▶ _Given data_:
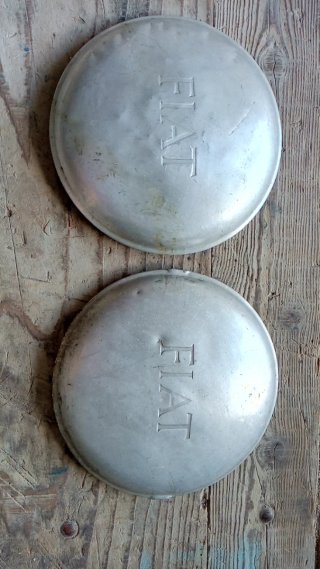 Coppette copri cerchio Fiat Topolino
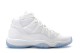 Jordan 11 GS (378038 101) weiss 3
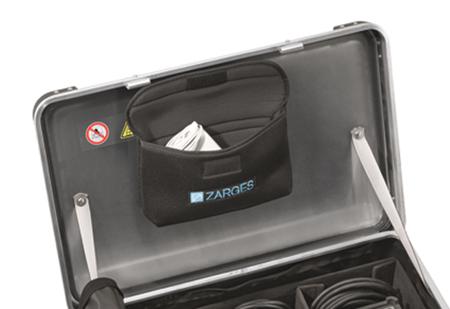 41821 Zarges Internal Lid Storage Bag for Zarges K424 XC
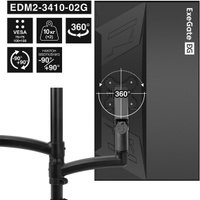 Кронштейн для монитора ExeGate EDM2-3410-02G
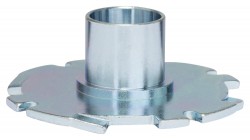 Bosch 2609200139 Template Guide With Quick Fastening Lock 17mm For GOF GMF POF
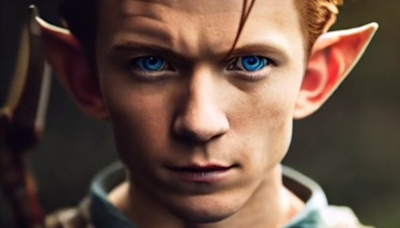 An AI Program Flawlessly Casts Tom Holland as THE LEGEND OF ZELDA’s Link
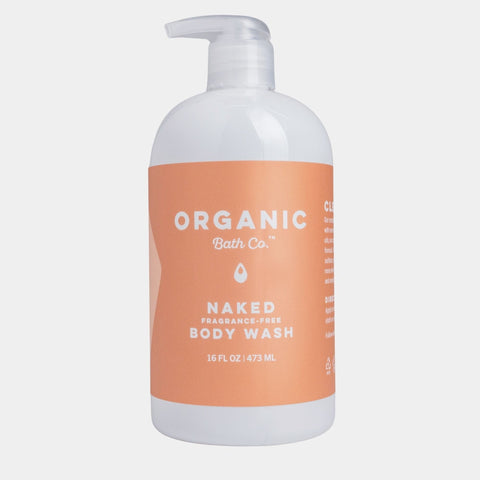 Naked Organic Body Wash by Organic Bath Co.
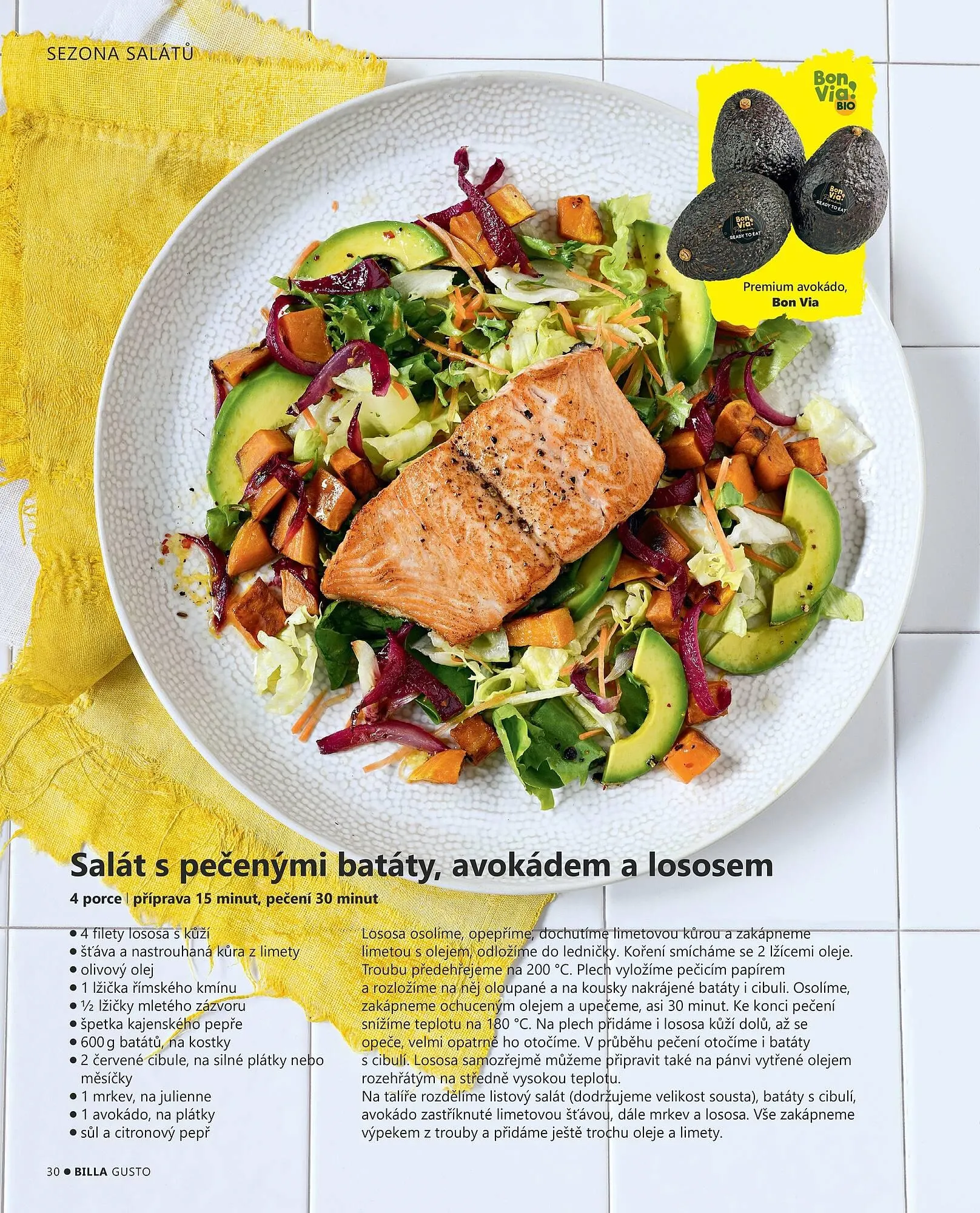 Billa leták - 1. března 31. května 2026 - Page 30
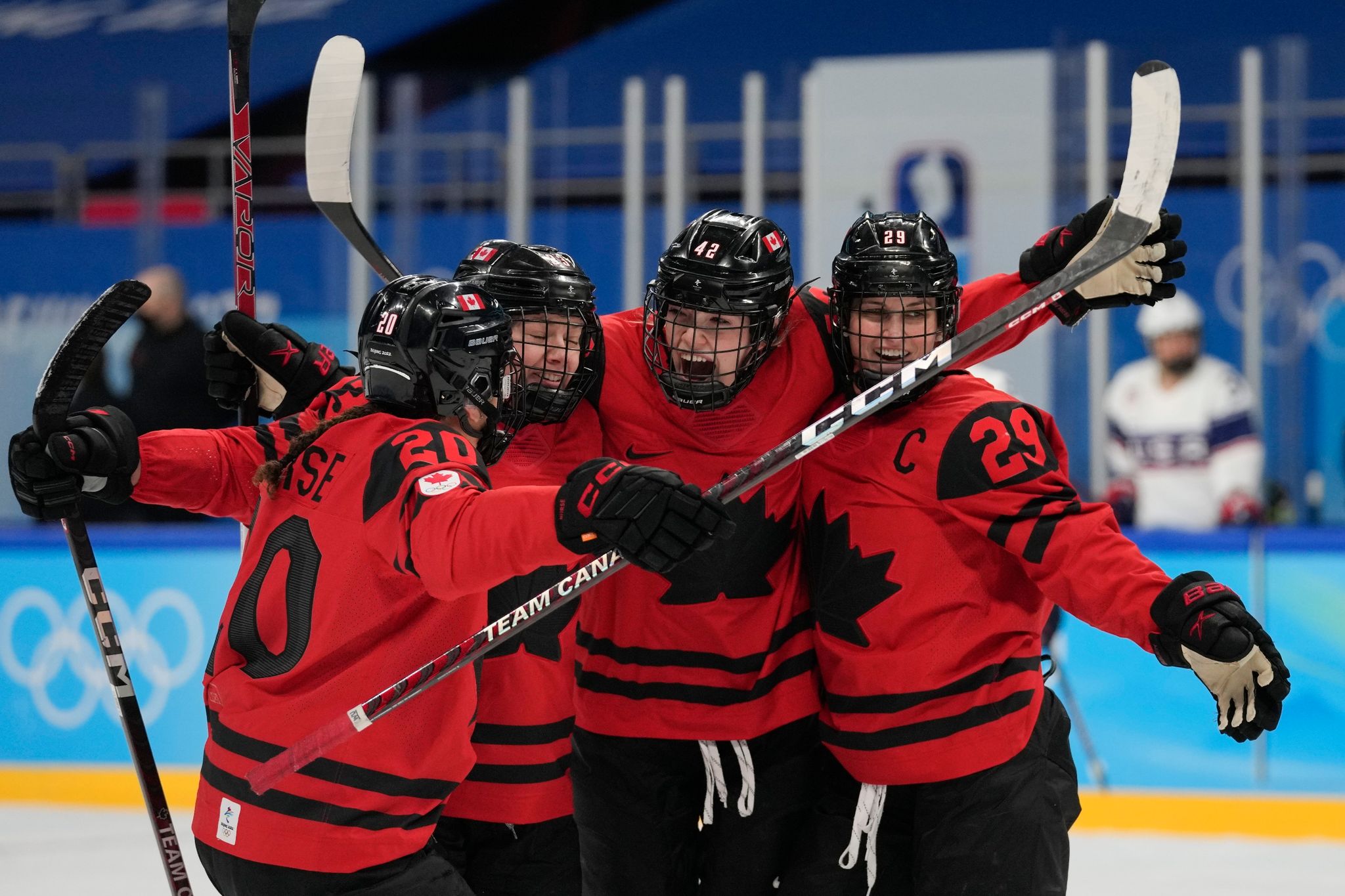 Kanadas Eishockey-Frauen gewinnen zum fünften Mal Gold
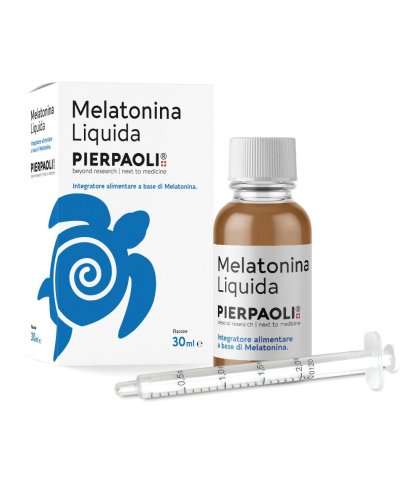 MELATONINA LIQUIDA 30ML PIERPA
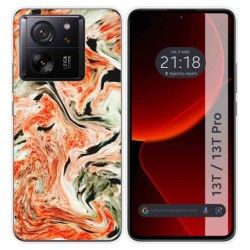 Funda Silicona para Xiaomi 13T / 13T Pro 5G diseño Mármol 12 Dibujos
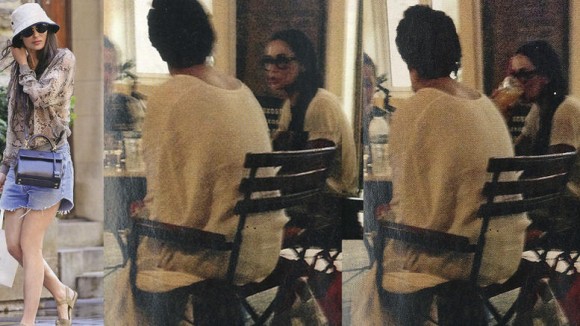 Σε Παξούς και Κεφαλονιά, ινκόγνιτο η Ντέμι Μουρ (εικόνες)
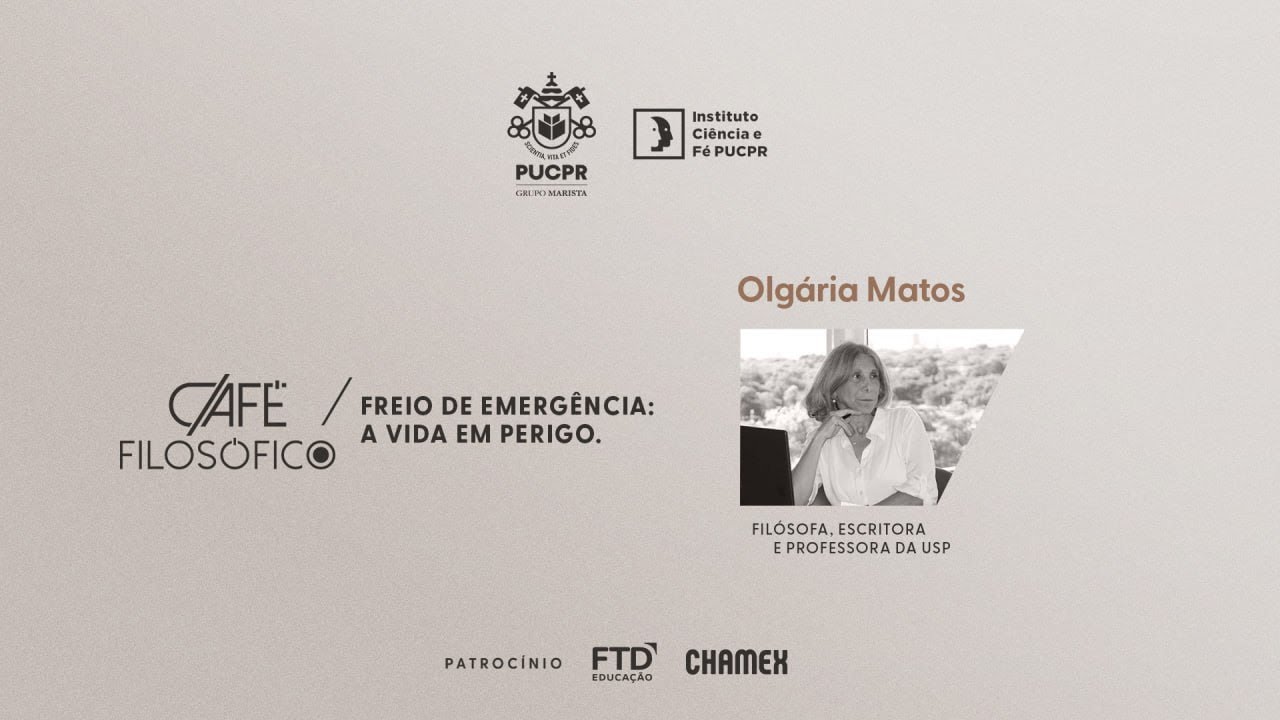 PUCPR - Café Filosófico - Olgária Matos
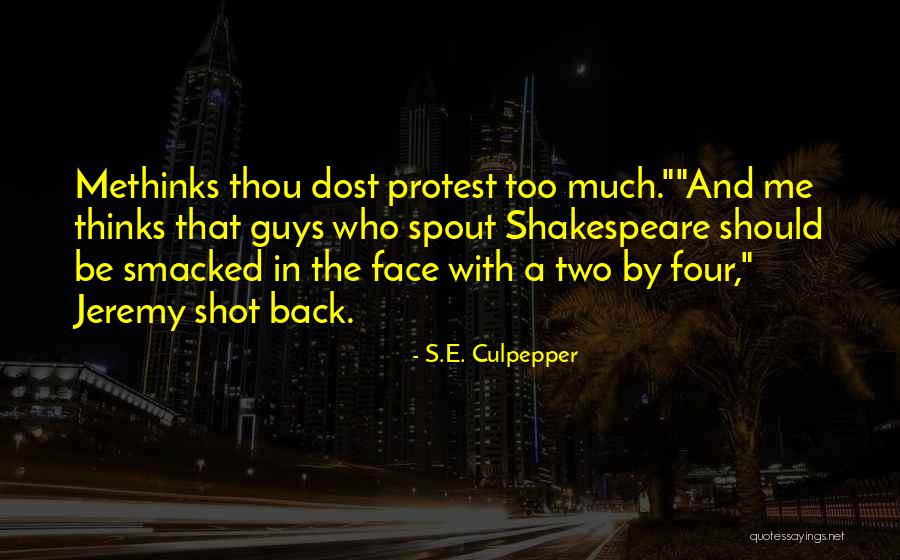 Fornemmelse Quotes By S.E. Culpepper Fornemmelse Quotes By S.E. Culpepper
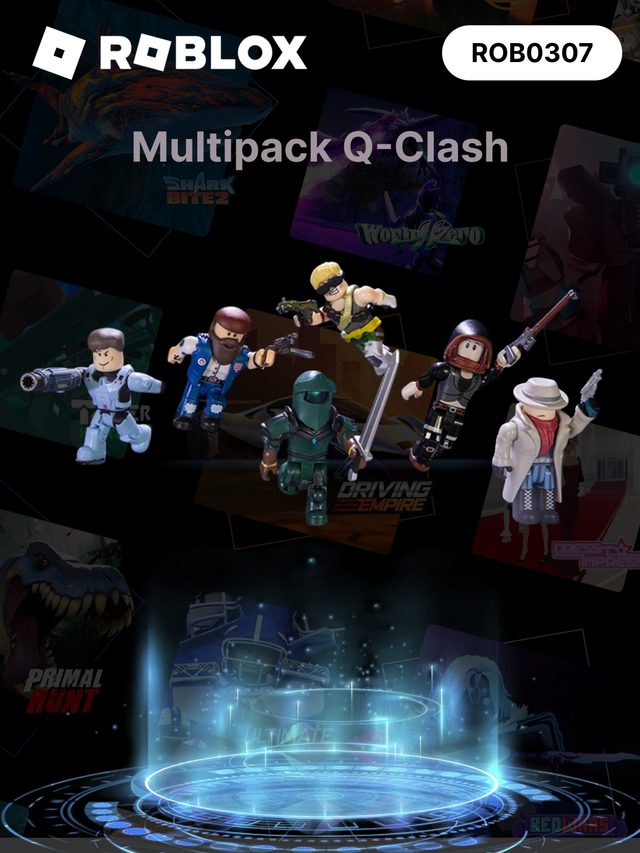Oʻyin toʻplami Roblox Multipack Q-Clash W7 — Surat 2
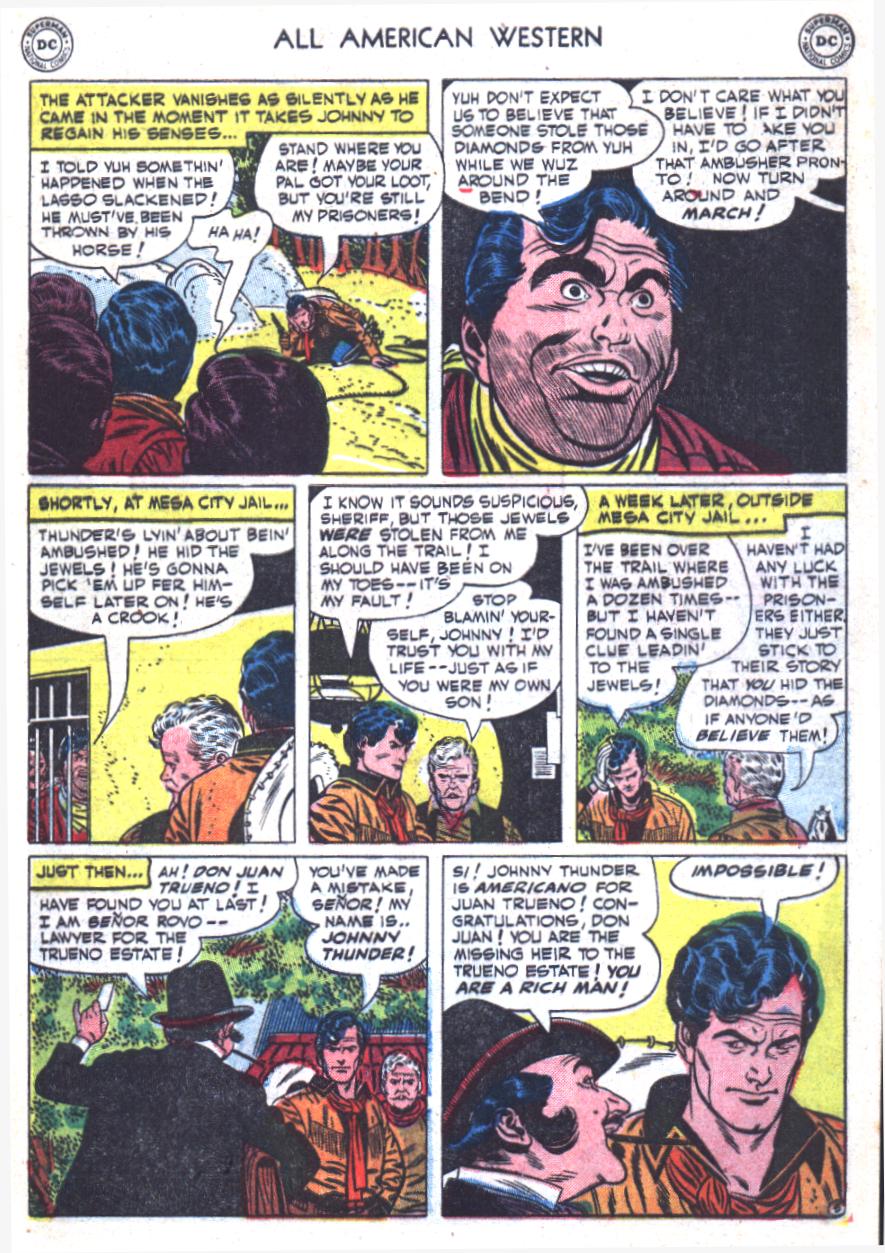Read online All-American Western comic -  Issue #122 - 7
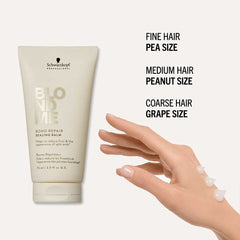 Schwarzkopf BLONDME Bond Repair Sealing Balm 75ml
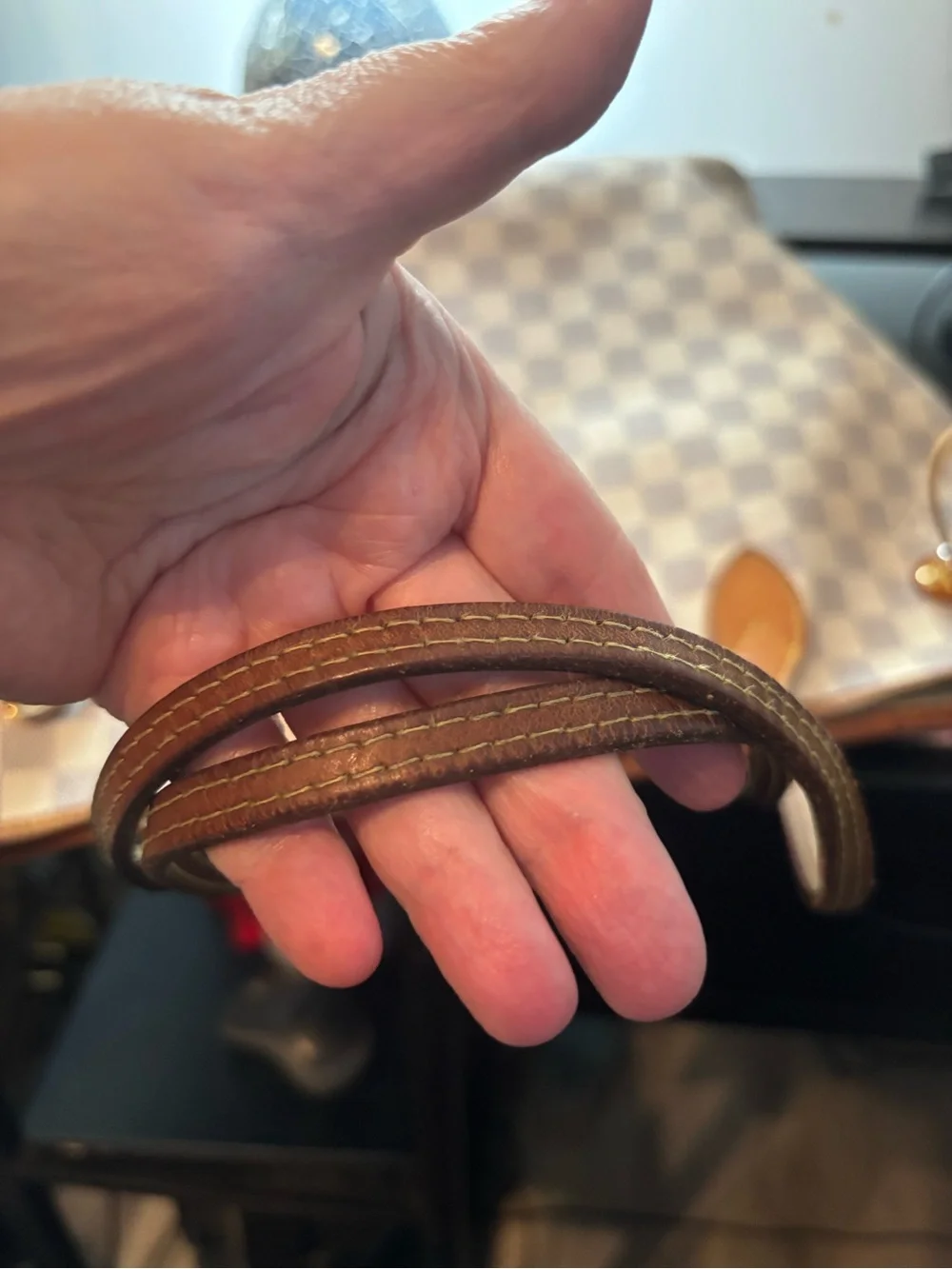 Authentic Louis Vuitton Neverfull MM – Damier Azur Canvas- please read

▶ _Work order_: Word for word, print out all of the records above; pass over the pictures.

▶ _Task response_:
 Coppette copri cerchio Fiat Topolino
 Jordan 11 GS (378038 101) weiss 3
 41821 Zarges Internal Lid Storage Bag for Zarges K424 XC
 Кронштейн для монитора ExeGate EDM2-3410-02G
 Bosch 2609200139 Template Guide With Quick Fastening Lock 17mm For GOF GMF POF
 An AI Program Flawlessly Casts Tom Holland as THE LEGEND OF ZELDA’s Link
 Naked Organic Body Wash by Organic Bath Co.
 Billa leták - 1. března 31. května 2026 - Page 30
 Kanadas Eishockey-Frauen gewinnen zum fünften Mal Gold
 MELATONINA LIQUIDA 30ML PIERPA
 Funda Silicona para Xiaomi 13T / 13T Pro 5G diseño Mármol 12 Dibujos
 Σε Παξούς και Κεφαλονιά, ινκόγνιτο η Ντέμι Μουρ (εικόνες)
 PUCPR - Café Filosófico - Olgária Matos
 Fornemmelse Quotes By S.E. Culpepper Fornemmelse Quotes By S.E. Culpepper
Oʻyin toʻplami Roblox Multipack Q-Clash W7 — Surat 2
Read online All-American Western comic -  Issue #122 - 7
 Schwarzkopf BLONDME Bond Repair Sealing Balm 75ml
 Authentic Louis Vuitton Neverfull MM – Damier Azur Canvas- please read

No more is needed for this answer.